Following the discussion in BOF session of LLVM dev meeting 2014, I did some experiments to enhance LLVM inliner and want to share my result at the moment. My major goal is to improve -O3 performance without profiling support, which should be the simplest scenario of using compiler optimization.
Inlining more code usually could increase performance at the cost of code size bloat, but overly inlining code could increase register pressure and hurt performance, e.g. some more loop invariants can be detected and hoisted out of loop, and finally register pressure increases a lot. In the meantime, inline is expensive because we have to analyze every function in terms of every call site with different arguments to remove dead code as possible as we could. Therefore, the biggest challenge of Inlining problem is how we can make trade-off among performance improvement, code size bloat and compiler slowdown in a smart manner.
- Design
My design to address the issues described above is listed as below.

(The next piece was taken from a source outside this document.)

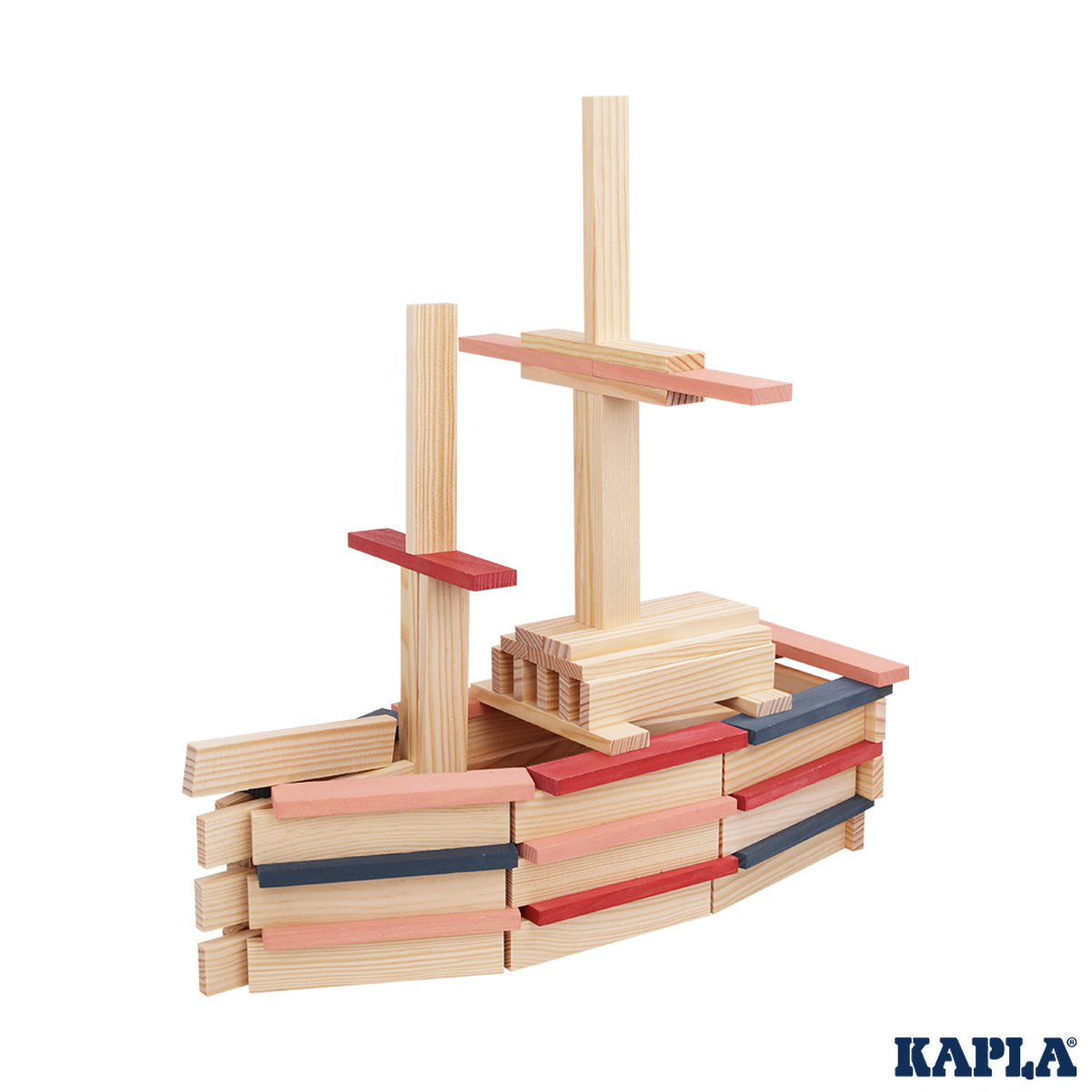 Kapla toy blocks stacked in a tent shape next to the Kapla 120 red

(1) For performance, the main idea is enlarging inlining threshold heuristically for *hot* spots detected at compile-time. The codes with the following properties are usually *hot*,
(1.a) callee Inside a loop. If callee can be inlined into a loop, we could probably expose more optimization opportunities. E.g. loop invariant hoist. And this solution is particularly useful to small loops, like having less than 2~3 BasicBlocks, because such a simple loop structure would be less possible to trigger register pressure issue.
(1.b) callee with constant argument. For example, if the constant argument is used as a loop boundary, it could trigger completely different loop unrolling behavior, like full unroll or partial unroll.
Solution (1.a) requires loop info. With current pass manager behavior, CallGraphSCCPass doesn’t allow to use getAnalysisUsage to obtain loop info, but we can define a lightweight LoopAnalyzer pass inside module SimpleInliner, and this pass can be implemented simply by calling LoopInfoBase and DominatorTree.
(2) For code size, we have two solutions,
(2.a) It doesn't make sense to inine a lot of *cold* code. Since non-hot code can be treated as cold code, we can reduce the normal threshold. In the patch the default threshold for -O3 is changed from 275 to 240. This way, we could save code size a lot. The performance reduction caused by reducing default threshold could be compensated by increasing threshold for *hot* code inside loops.
(2.b) It would be quite abnormal if a function call the same callee many times, even if they use different arguments, because this kind of code can easily refactored by loop. So we can avoid inlining the same callee many times if we find this case.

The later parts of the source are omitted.